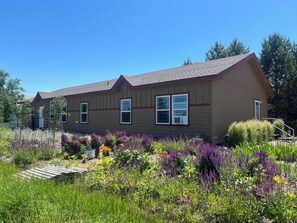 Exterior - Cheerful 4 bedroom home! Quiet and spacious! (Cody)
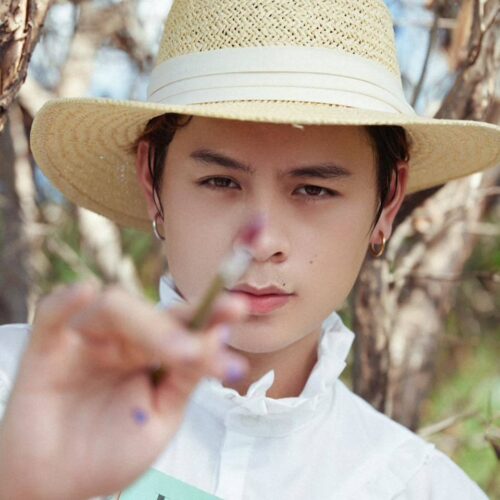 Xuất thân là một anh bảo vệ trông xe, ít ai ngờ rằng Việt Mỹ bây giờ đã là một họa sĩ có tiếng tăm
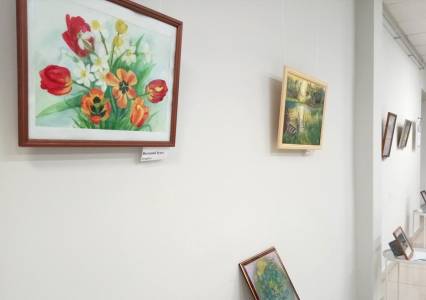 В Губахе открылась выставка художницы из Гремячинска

━━━━━━

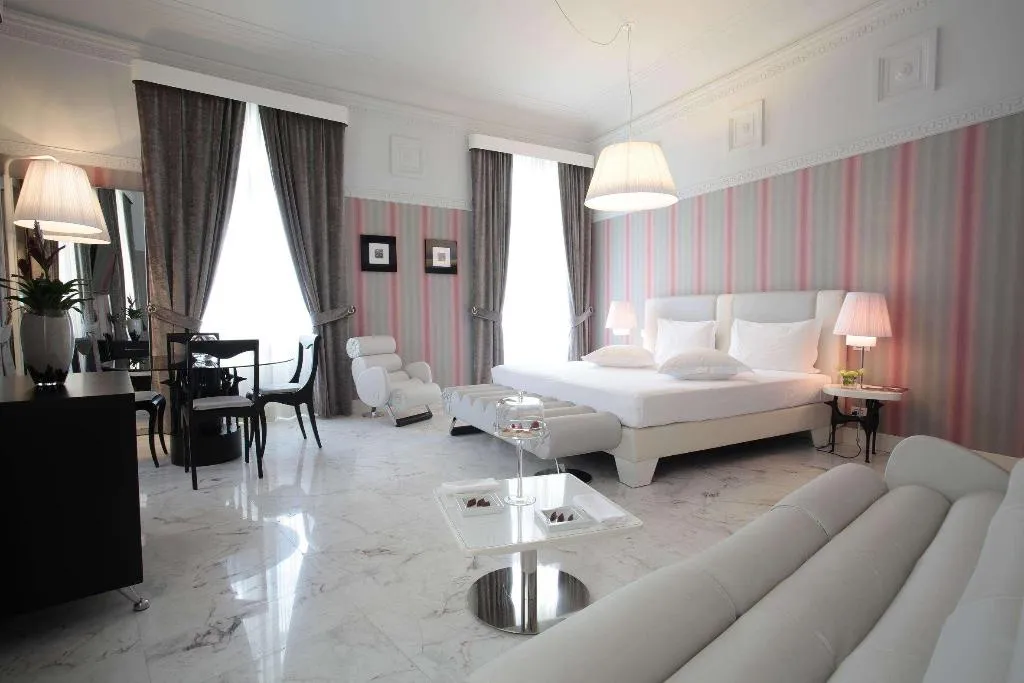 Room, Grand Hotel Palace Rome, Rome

━━━━━━

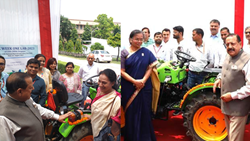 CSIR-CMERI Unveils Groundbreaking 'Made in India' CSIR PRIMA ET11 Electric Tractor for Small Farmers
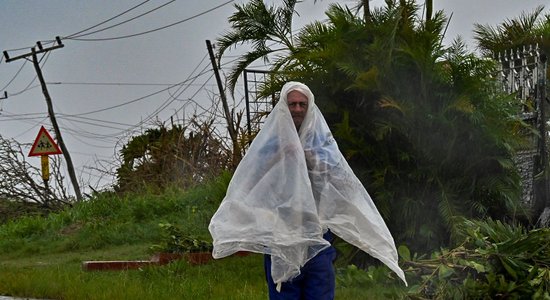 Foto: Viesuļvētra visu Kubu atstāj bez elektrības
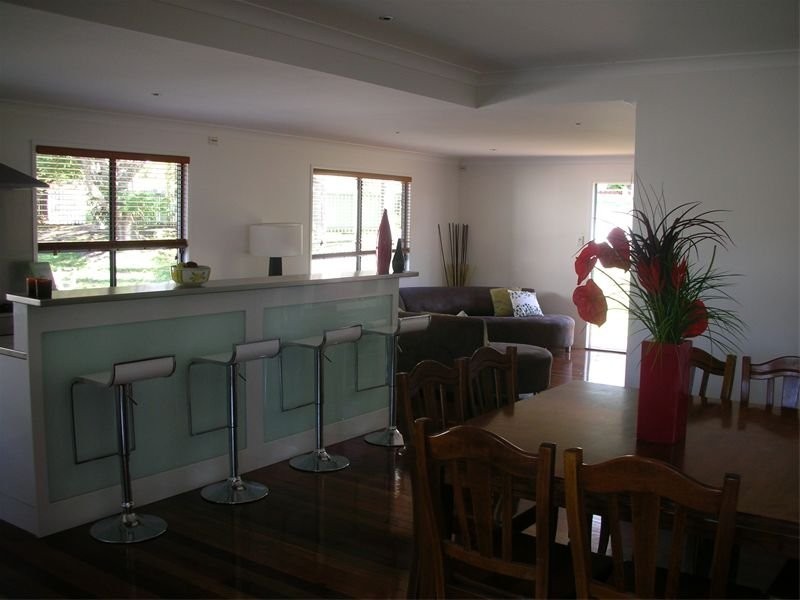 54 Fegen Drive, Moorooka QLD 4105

━━━━━━

- **The problem**:
What are the lines in the records above, word for word, from the one containing "Xuất thân là" through the one containing "В Губахе открылась", both ends included and pictures left out?

- **Solution**:
 Xuất thân là một anh bảo vệ trông xe, ít ai ngờ rằng Việt Mỹ bây giờ đã là một họa sĩ có tiếng tăm
 В Губахе открылась выставка художницы из Гремячинска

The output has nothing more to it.